Up til now, we’ve programmed all the robots to do what we wanted with code. Assuming we used ROS or Atom, we would have some configuration files and code laying around in a repo somewhere. Let’s assume a repo per robot or a repo per behavior of the robot, either way, we have a single place where code is defined that determines the behavior of the robots. What we need on top of this is a few things:
- A programmatic map of the factory floor with coordinates so we can assign robots to specific coordinates, we could use geocoding or something else for this, imagine a whatever powers your Roomba
- Each robot needs a camera and a tracking mechanism for knowing where to go to get to its defined coordinates for this workflow (if it is stationary), if not the robot might already have a task of moving something from one place to another, more on that later
- A configuration to specify:
- What robot or machine is being used for this step
- Where a robot or machine needs to go
- The code that needs to be loaded into the robot for its tasks now, or if the code is already loaded into the robot, the robot needs to know what code to execute for this configuration
- Ex. is this code for analyzing an object to make sure it is up to quality? Is this code to pass objects? Should it now go into laser cutting mode?

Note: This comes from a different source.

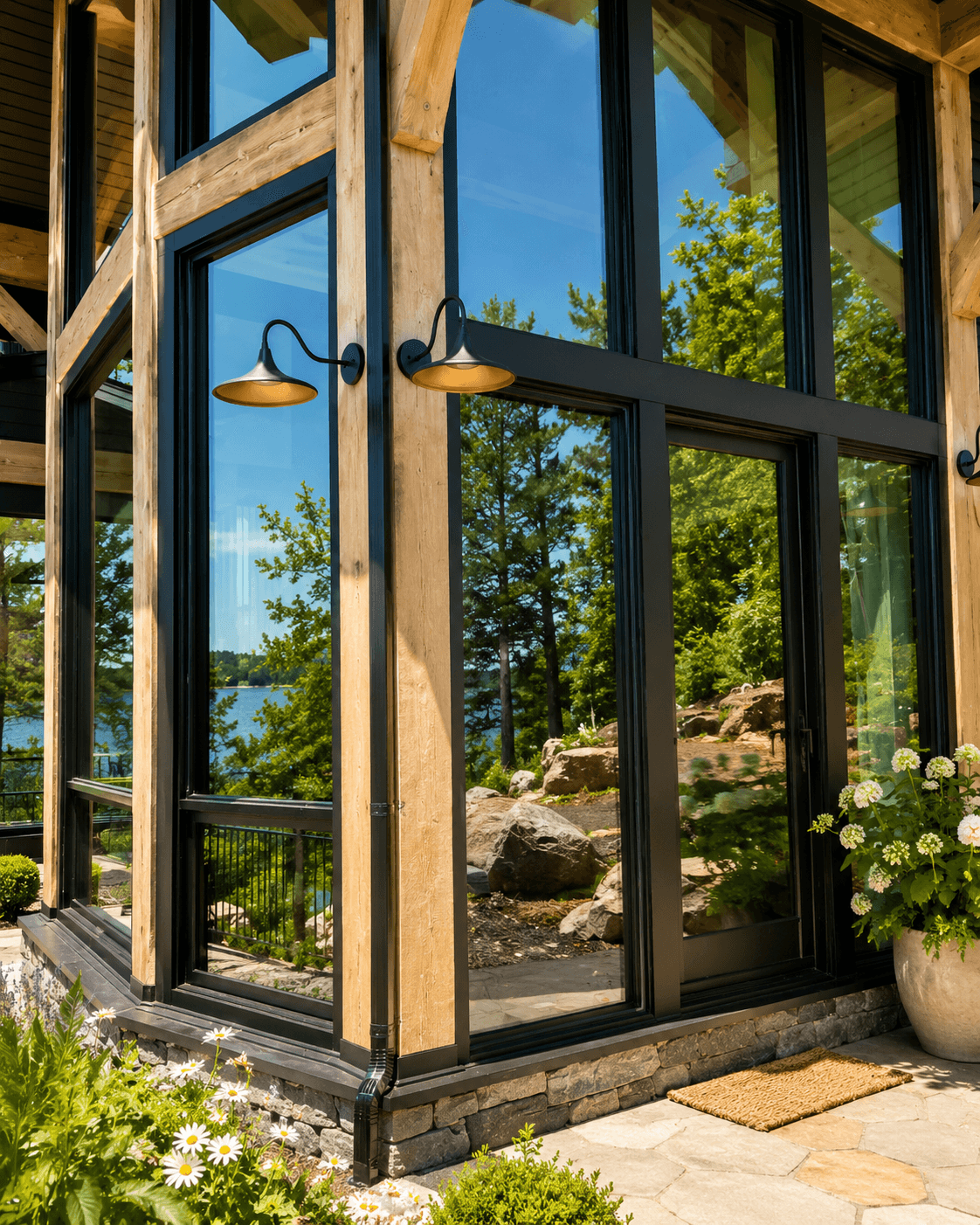 Black modern replacement windows installed on a rustic cedar log cottage in Muskoka.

- Any artifacts the robots need to work with
- For example, say in the configuration file our first step was a desktop metal printer printing a certain stl file. Much like a CI pipeline, our artifact would be the finished 3D printed object itself.
- The next robot in the pipeline might be a robotic arm, assigned to coordinates between the printer and the assembly line. This next configuration in the file would know it needs to take that artifact (since we would define it) and pass it to the assembly line
- Then the rest of the configuration file could define the assembly line
So now we can have configuration files for several different assembly processes. If we want to start building something different we just load the new file and the robots would update their code. So when Tony says, “we are going back to hardware mode” we can think of this as him telling the system to load the new file.
Sample file
name: “hardware-mode”
steps:
machine: desktop-metal-1
runs: |
my-super-cool-stl-file.stl
artifact: part-hook
machine: dum-e
location: near-desktop-metal-1 # or maybe actual code coordinates, would be nice if there were shortcuts that translated to those
runs: |
part-hook | assembly-line # code the dum-e robot needs to execute, or maybe point to the repo where the code is stored
The cool thing about this setup is now our entire factory is configured in code. We can roll back by reverting a commit or we can add more functionality by modifying the file. We also gain tracking the entire history of the factory setup for free. Possibly CAD programs could help generate these files. It is the equivalent of a build pipeline but for manufacturing, I guess it could be considered a physical build pipeline.
Overall, this was a fun thought experiment. I can only hope to get a few robots and try and hack a real pipeline together one day. I do think becoming as productive as Tony Stark could be possible, just need the funds and time to hook it all together. And, of course, something to build!